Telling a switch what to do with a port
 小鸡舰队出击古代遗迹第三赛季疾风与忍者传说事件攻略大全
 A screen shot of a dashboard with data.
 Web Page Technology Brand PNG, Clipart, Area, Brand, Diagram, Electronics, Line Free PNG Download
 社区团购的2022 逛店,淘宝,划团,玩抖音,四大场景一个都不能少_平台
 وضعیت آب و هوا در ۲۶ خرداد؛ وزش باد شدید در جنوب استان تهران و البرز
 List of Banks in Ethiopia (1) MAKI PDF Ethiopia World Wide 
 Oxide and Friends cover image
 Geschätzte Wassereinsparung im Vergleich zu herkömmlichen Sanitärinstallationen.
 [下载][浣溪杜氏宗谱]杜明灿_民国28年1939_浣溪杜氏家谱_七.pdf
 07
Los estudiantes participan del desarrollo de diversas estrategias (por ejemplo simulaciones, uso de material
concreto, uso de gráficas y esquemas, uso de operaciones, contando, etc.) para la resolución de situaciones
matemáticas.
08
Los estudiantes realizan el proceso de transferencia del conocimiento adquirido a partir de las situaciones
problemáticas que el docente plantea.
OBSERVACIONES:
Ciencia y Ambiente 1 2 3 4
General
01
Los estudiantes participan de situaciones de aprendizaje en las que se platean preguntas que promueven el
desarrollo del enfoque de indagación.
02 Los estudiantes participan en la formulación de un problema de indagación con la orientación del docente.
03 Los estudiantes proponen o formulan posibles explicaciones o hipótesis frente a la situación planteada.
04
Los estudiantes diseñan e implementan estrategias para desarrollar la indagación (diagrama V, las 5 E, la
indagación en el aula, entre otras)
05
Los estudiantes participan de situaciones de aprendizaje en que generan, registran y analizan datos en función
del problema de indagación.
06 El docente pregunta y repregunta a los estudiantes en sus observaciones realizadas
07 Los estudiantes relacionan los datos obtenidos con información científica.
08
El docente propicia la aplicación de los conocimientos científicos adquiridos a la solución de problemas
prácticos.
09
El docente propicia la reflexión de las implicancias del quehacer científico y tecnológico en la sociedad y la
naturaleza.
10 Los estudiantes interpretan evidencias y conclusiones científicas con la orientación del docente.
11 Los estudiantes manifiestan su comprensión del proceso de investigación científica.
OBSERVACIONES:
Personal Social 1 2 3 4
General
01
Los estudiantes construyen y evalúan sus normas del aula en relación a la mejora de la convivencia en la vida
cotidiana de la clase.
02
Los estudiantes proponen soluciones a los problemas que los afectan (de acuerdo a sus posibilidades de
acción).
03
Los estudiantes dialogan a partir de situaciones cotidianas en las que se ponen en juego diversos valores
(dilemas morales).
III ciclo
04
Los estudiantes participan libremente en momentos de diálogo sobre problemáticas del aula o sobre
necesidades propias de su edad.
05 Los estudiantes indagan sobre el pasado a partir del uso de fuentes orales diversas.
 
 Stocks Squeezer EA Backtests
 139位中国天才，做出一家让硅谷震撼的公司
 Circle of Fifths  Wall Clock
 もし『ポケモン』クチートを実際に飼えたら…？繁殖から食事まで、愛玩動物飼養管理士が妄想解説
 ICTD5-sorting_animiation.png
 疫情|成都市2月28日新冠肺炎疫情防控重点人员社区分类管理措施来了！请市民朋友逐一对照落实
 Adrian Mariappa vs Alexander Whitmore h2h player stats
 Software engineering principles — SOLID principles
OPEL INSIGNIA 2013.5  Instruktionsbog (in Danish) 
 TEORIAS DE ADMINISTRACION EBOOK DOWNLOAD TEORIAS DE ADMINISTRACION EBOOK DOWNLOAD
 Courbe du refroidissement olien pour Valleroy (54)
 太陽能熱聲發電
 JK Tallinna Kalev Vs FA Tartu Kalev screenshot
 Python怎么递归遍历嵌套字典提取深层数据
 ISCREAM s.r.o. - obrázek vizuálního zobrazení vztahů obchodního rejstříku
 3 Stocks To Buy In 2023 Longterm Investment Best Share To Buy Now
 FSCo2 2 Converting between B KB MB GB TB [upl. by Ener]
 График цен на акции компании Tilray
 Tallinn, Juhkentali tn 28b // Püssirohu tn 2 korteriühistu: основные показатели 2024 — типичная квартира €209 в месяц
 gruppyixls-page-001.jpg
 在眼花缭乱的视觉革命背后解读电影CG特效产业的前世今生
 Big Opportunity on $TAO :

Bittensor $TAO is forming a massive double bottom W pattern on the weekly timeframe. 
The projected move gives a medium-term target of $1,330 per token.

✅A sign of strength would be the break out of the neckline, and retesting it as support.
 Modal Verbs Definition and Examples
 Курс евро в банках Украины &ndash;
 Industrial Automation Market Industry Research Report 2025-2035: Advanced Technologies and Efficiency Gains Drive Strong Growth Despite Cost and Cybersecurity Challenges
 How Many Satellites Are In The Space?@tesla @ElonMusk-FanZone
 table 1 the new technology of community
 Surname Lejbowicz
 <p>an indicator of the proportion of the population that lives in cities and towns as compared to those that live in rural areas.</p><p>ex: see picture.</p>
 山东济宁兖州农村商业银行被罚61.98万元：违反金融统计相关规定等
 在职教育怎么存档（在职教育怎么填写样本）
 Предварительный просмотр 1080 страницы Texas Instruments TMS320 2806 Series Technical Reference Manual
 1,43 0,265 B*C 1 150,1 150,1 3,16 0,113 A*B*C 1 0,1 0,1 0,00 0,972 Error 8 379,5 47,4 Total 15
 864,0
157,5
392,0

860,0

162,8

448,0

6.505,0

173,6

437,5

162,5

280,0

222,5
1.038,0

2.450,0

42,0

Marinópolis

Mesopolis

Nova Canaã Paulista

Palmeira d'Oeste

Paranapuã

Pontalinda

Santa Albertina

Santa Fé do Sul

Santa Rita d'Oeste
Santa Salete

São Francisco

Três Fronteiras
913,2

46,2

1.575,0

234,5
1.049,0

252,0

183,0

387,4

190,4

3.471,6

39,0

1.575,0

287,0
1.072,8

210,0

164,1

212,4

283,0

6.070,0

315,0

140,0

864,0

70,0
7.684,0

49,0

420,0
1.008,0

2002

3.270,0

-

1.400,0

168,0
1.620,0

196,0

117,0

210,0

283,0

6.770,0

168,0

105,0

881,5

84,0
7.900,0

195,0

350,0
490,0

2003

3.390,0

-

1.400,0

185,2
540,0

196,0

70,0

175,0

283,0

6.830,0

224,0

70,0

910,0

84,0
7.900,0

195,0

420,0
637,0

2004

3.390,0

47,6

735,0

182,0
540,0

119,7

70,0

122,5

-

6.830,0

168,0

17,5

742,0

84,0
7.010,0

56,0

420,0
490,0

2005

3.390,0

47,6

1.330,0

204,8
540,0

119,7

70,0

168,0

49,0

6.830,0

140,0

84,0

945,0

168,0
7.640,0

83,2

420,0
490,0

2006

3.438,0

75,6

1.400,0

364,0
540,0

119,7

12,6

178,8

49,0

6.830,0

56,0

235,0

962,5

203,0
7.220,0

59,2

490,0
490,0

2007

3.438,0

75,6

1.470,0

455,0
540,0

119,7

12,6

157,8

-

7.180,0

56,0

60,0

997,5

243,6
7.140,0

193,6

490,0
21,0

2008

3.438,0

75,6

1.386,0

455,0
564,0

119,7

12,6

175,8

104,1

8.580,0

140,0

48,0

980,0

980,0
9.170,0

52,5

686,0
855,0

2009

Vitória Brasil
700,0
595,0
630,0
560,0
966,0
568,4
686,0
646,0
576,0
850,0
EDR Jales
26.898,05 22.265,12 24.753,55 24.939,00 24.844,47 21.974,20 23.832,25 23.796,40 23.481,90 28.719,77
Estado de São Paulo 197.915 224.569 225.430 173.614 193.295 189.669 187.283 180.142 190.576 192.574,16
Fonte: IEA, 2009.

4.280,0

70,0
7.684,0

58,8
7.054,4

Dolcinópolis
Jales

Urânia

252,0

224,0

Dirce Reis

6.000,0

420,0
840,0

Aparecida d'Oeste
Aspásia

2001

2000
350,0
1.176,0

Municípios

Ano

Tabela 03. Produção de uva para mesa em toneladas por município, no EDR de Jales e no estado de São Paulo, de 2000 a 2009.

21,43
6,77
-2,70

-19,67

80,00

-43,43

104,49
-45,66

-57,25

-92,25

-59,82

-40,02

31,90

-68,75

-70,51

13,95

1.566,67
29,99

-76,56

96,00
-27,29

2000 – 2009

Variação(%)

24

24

**********

What you need to do.
Find the lines above that contain the word "partir" and copy each one.

Written answer.
Los estudiantes realizan el proceso de transferencia del conocimiento adquirido a partir de las situaciones
Los estudiantes dialogan a partir de situaciones cotidianas en las que se ponen en juego diversos valores
05 Los estudiantes indagan sobre el pasado a partir del uso de fuentes orales diversas.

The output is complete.